EU: Iran not ready to resume Vienna talks
  • Tehran criticizes UN agency over Israel ‘negligence’

BRUSSELS: Iran is not ready to return to talks with world powers over its nuclear program yet and its new negotiating team wants to discuss the texts that will be put forward when it meets with the EU in Brussels in the next few weeks, a senior EU official said on Friday.
EU political director Enrique Mora, the chief coordinator for the talks, was in Tehran on Thursday to meet members of Iran’s nuclear negotiating team, four months after discussions broke off between Iran and world powers.
Iranian President Ebrahim Raisi has so far refused to resume indirect talks with the US in Vienna on both sides returning to compliance with the deal, under which Iran curbed its nuclear program in return for economic sanctions relief.
Diplomats from France, Britain and Germany, who are party to the accord along with China and Russia, said ahead of Mora’s visit that it came at a critical time and things could not be deemed “business as usual” given escalating Iranian nuclear activities and the stalling of negotiations.
The US said time was running short. “They are not yet ready for engaging in Vienna,” the official told reporters on condition of anonymity, adding that he believed Tehran was “absolutely decided to go back to Vienna and to end the negotiations.”
The Islamic Republic has repeatedly said it will return to the negotiations “soon,” but it has not given a clearer timeline.
Western diplomats had hoped the Vienna talks might resume before the end of October.
However, after Mora’s visit, Iran’s Foreign Ministry said it would hold talks in the coming days with the EU in Brussels.
“They insisted that they don’t want talks for talks, they want talking with practical results and with a final agreement on how to bring JCPOA (the nuclear deal) back to life,” the official said.
Describing a meeting in Brussels as a “good idea,” the official said it would allow both sides to go through the texts on the table from June and clarify questions that Iran’s new negotiating team may have. “I think we are just clarifying even more the situation for a final destination, which is going to be resuming in Vienna. I expect that soon,” he said.
France’s Foreign Ministry spokeswoman Anne-Claire Legendre said negotiations should resume immediately based on where they left off in June to reach a deal quickly.
“Iran must show a willingness through acts that it shares the same desire to come back to the negotiating table and conclude an agreement,” she told reporters.
Western diplomats have said they are concerned Tehran’s new negotiating team — under a president known as an anti-Western hard-liner, unlike his pragmatist predecessor — may make new demands beyond the scope of what had already been agreed.

BACKGROUND

Iran has repeatedly said it will return to the negotiations ‘soon,’ but it has not given a clearer timeline. Western diplomats had hoped the Vienna talks might resume before October-end.
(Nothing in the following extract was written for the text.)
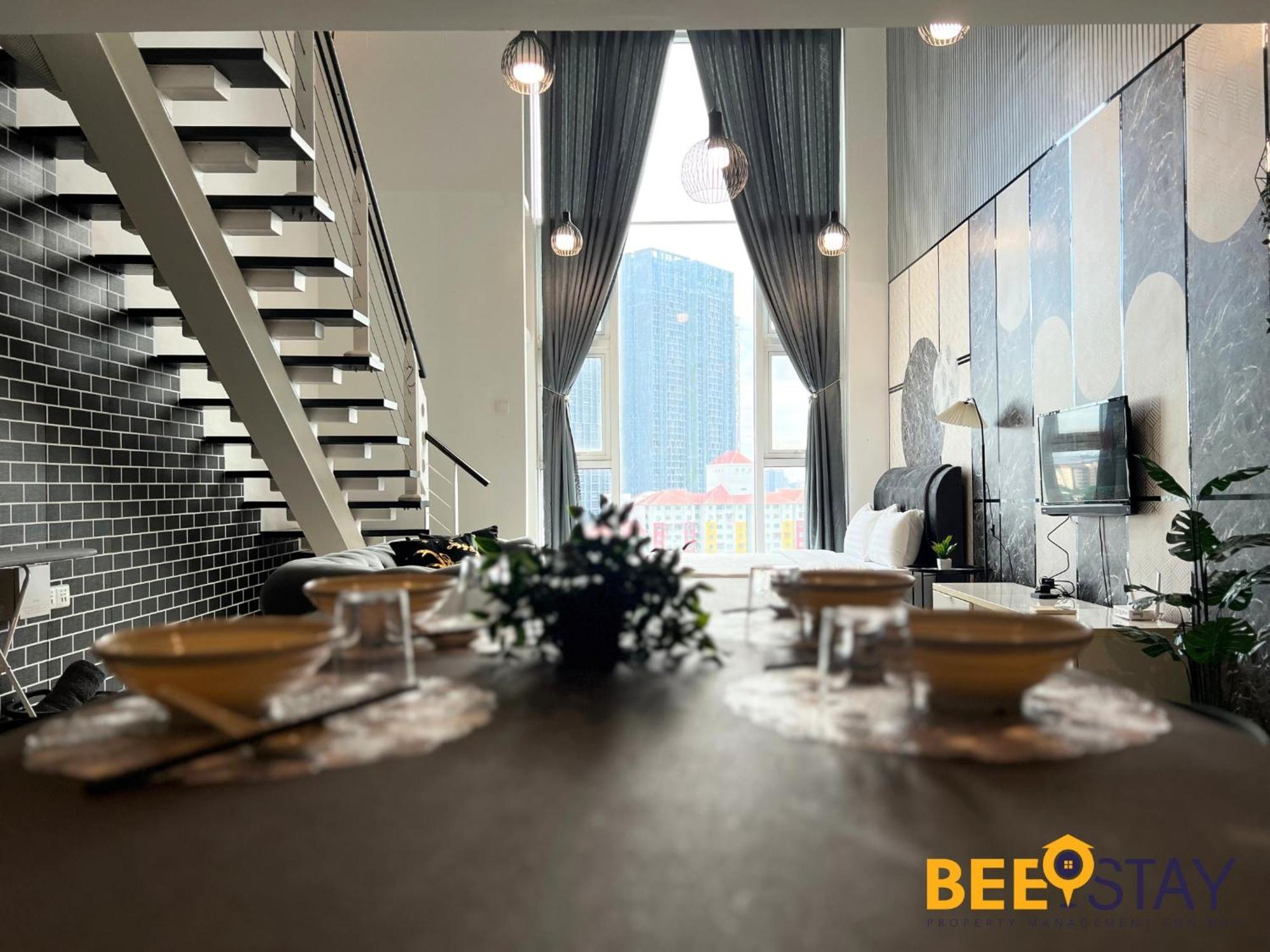 The Scott Garden Kuala Lumpur By Beestay Management Eksteriør billede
Separately, Iran sharply criticized the UN’s International Atomic Energy Agency for keeping its eyes trained on the Islamic republic while ignoring its arch-enemy Israel’s suspected nuclear program.
Israel is widely believed to be the Middle East’s sole nuclear arms possessor with up to 300 warheads, but it has long refused to confirm or deny it has such weapons and unlike Iran is not a signatory to the Non-Proliferation Treaty.
“Silence and negligence about Israel’s nuclear program sends a negative message to the NPT members,” Kazem Gharibabadi, Iran’s ambassador to the UN agency, tweeted.
Being an NPT signatory meant “accepting the robust verifications,” while being outside it meant being “free from any obligation and criticism, and even (getting) rewarded”, he wrote.
“What is the advantage of being both a NPT member and fully implementing the agency’s safeguards?
Gharibabadi was reacting to an interview given by IAEA Director General Rafael Grossi to Energy Intelligence earlier this month.
Asked why the IAEA is so focused on Iran’s nuclear program but not Israel’s, he responded: “Our relation with Israel is based on the one that you have with a country which is not a party to the NPT.”
Iran has been a signatory to the NPT since 1970, the year it came into force, and has always denied it has any ambitions to acquire or manufacture an atomic bomb.
Israel, which has never signed up to the treaty, has repeatedly warned that it will do whatever it takes to prevent Iran obtaining nuclear weapons.
The NPT calls on nations “to achieve the cessation of the nuclear arms race and to undertake measures in the direction of nuclear disarmament.”